Early in our marriage, we took a road trip and he had the loaded gun in the car. It freaked me out the whole time and I kept thinking that somehow it was going to discharge and shoot me as I helplessly sat in the passenger seat. (Yes, my fear is that irrational.) In the house, one is kept loaded and easily accessible for home defense purposes ... or to shoot random yard zombies. I know where it's kept and I avoid it like the plague because just the sight of the holster makes me uncomfortable. It actually became a bit of a joke because I am known for my habit of eating any and all sweets in the house. Bryan had some candy sent to him by my Mom and he hid it. When I asked where, he said "somewhere I know you'll NEVER look." Turns out he hid it next to the gun, an excellent place because even my insatiable sweet tooth would never encourage me to look there.

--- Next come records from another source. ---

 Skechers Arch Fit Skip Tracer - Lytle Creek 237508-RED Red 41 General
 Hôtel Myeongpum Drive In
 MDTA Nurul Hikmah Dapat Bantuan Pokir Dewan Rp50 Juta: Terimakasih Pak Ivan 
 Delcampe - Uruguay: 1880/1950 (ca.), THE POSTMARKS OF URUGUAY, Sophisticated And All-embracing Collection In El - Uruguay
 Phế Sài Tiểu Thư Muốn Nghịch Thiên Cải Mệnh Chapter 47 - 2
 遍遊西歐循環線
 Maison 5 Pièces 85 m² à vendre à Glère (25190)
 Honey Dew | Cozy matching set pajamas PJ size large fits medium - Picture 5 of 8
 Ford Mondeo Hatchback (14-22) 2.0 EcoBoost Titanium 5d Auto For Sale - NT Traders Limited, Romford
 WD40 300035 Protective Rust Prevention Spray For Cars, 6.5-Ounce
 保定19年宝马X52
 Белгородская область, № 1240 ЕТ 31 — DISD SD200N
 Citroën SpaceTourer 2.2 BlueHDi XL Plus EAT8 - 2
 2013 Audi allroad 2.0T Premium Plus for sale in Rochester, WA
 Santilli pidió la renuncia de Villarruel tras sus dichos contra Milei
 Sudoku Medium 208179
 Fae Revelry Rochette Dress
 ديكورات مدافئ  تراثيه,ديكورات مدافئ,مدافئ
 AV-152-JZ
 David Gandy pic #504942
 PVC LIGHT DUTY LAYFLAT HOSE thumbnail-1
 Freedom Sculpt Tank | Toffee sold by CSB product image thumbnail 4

"It's not safe! He shouldn't be around bullets!"
Bryan assured me that the bullets can't go off on their own.
After loading and unloading the bullet holder thing several times, he showed me what was putting in the gun bag: gun, ear plugs, shooting glasses, projectile bullets of death, and off we went.
I didn't like it.
I loaded my gun while Merc put the target in place for me. I went over all the directions in my head .... feet shoulder width apart, shoulders slightly forward, make a triangle with my arms, good grip with my shooting hand, wrap the other one around, raise the gun, sight my target. I went through these motions several times and finally squeezed back the trigger.
In the meantime, Merc said, "Did you see where those went??"